### Problem description
Please set down only the lines from the one containing "Книга Kuningasparin kesamatka" through the end of the entries below, exactly, minus any pictures.

Data entries
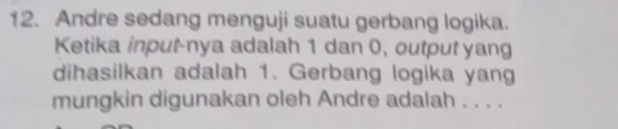 Andre sedang menguji suatu gerbang logika. 
Ketika input-nya adalah 1 dan 0, output yang 
dihasilkan adalah 1. Gerbang logika yang 
mungkin digunakan oleh Andre adalah . . . .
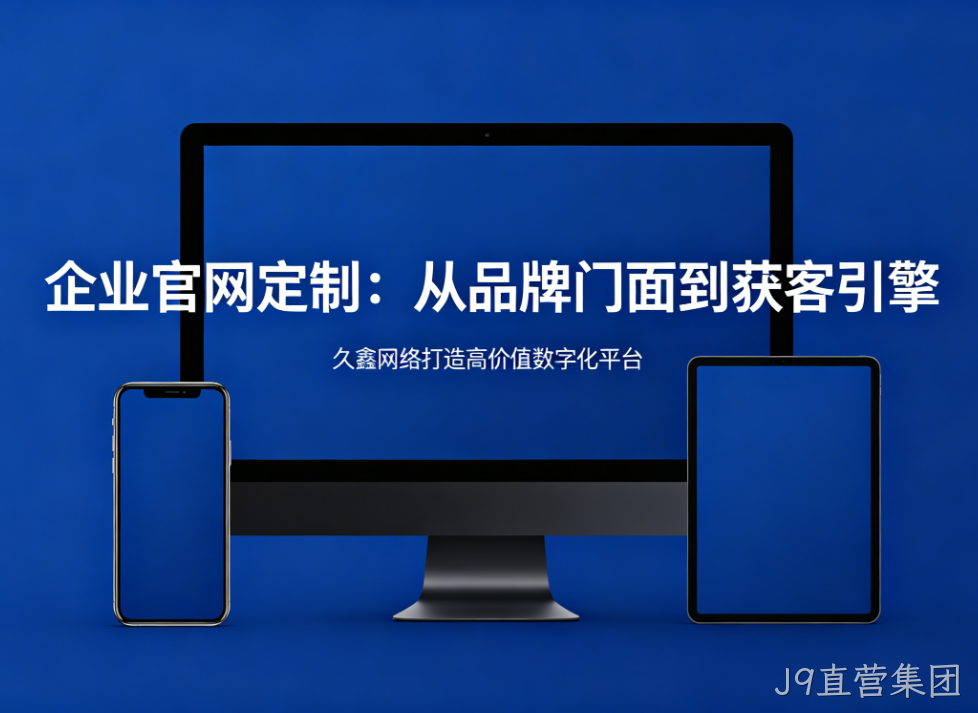 企业官网定制从品牌门面到获客引擎J9直营集团打造高价值数字化平台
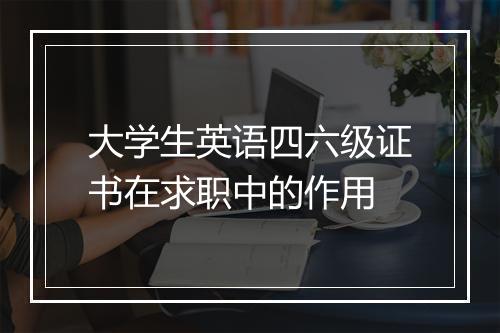 大学生英语四六级证书在求职中的作用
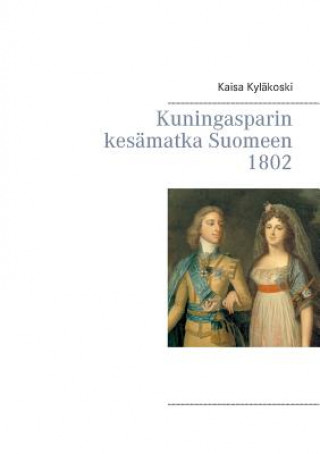 Книга Kuningasparin kesamatka Suomeen 1802 Kaisa Kyläkoski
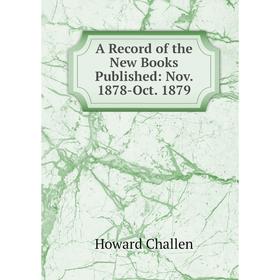 

Книга A Record of the New Books Published: Nov. 1878-Oct. 1879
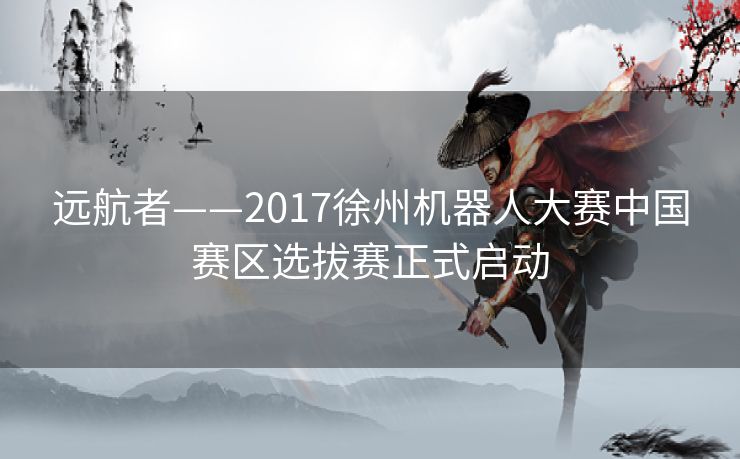 远航者——2017徐州机器人大赛中国赛区选拔赛正式启动 远航者——2017徐州机器人大赛中国赛区选拔赛正式启动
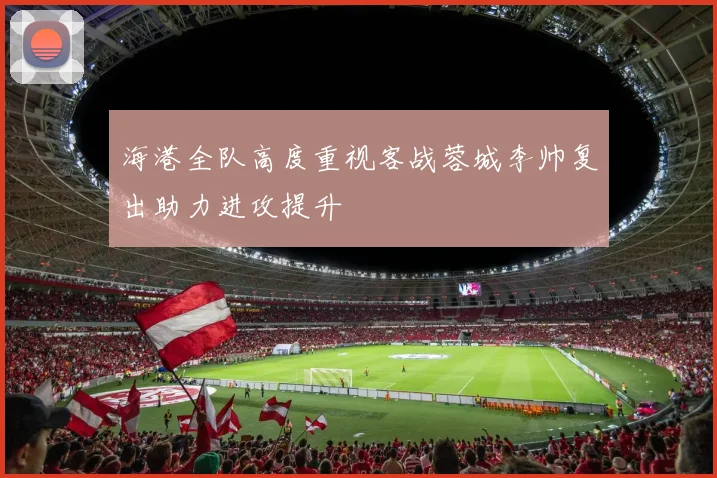 海港全队高度重视客战蓉城李帅复出助力进攻提升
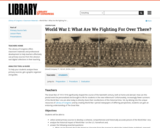 World War I: What Are We Fighting For Over There?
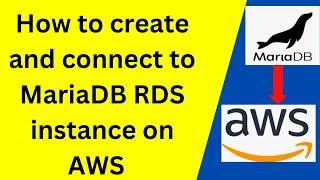 41. MySQL DBA: How to create and connect to MariaDB RDS instance on AWS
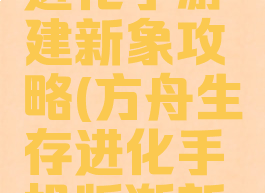 方舟生存进化手游建新象攻略(方舟生存进化手机版渐新象在哪里)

### The answer
 Книга Kuningasparin kesamatka Suomeen 1802 Kaisa Kyläkoski

Книга A Record of the New Books Published: Nov. 1878-Oct. 1879
 远航者——2017徐州机器人大赛中国赛区选拔赛正式启动 远航者——2017徐州机器人大赛中国赛区选拔赛正式启动
 海港全队高度重视客战蓉城李帅复出助力进攻提升
 World War I: What Are We Fighting For Over There?
 41. MySQL DBA: How to create and connect to MariaDB RDS instance on AWS
 方舟生存进化手游建新象攻略(方舟生存进化手机版渐新象在哪里)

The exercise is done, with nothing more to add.